(SUPPLIED DATA)

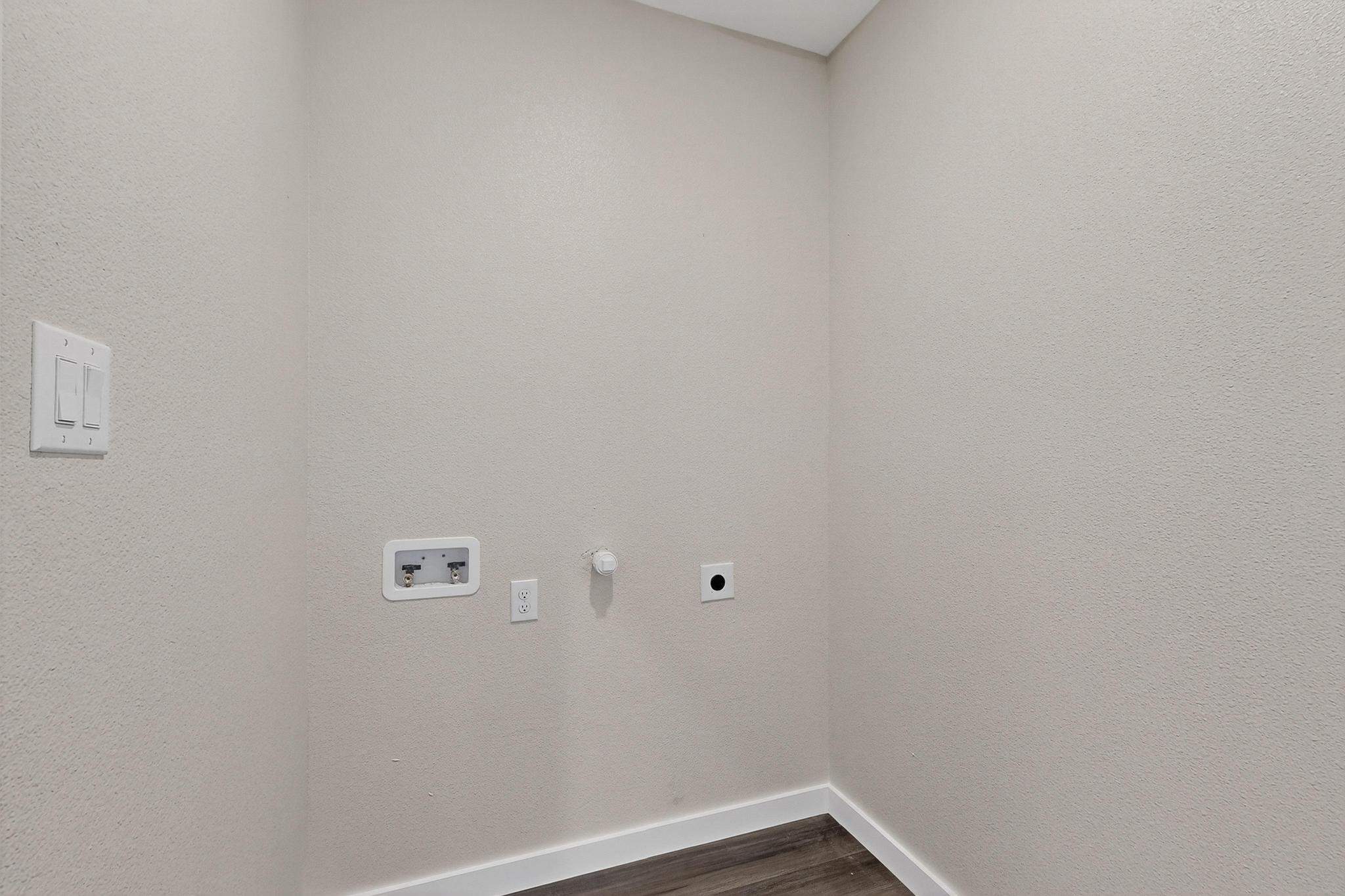 740 Section House Road Alma TX 75119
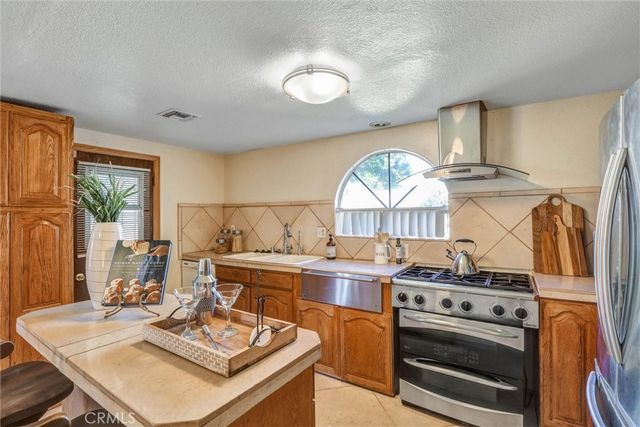 19603 Enslow, Carson, CA 90746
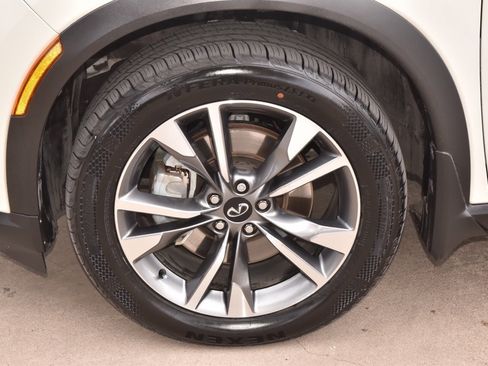 Used 2023 INFINITI QX60 Luxe w/ Vision Package image 38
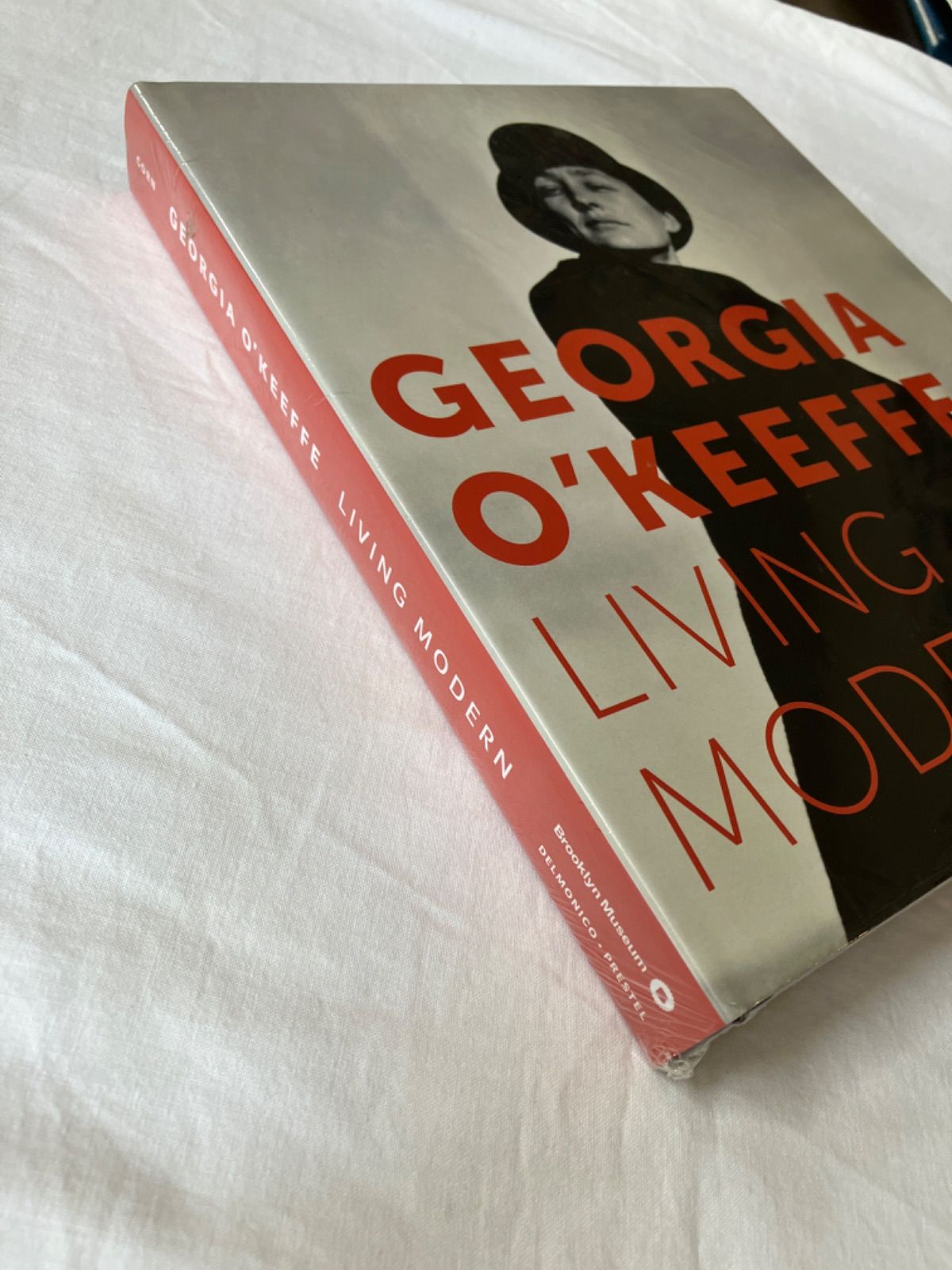 新刊・未開封）georgia o'keeffe living modern - メルカリ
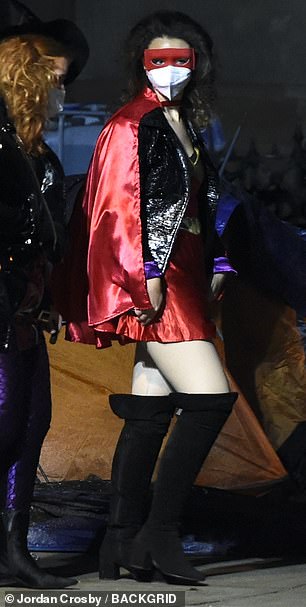 新《蝙蝠侠》一大波新片场照 有人cos超人和神奇女侠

(End SUPPLIED DATA)

■ WORK INSTRUCTIONS: Repeat the material above precisely as it appears, omitting the images it contains.

■ WORKED SOLUTION:
 740 Section House Road Alma TX 75119
 19603 Enslow, Carson, CA 90746
 Used 2023 INFINITI QX60 Luxe w/ Vision Package image 38
 新刊・未開封）georgia o'keeffe living modern - メルカリ
 新《蝙蝠侠》一大波新片场照 有人cos超人和神奇女侠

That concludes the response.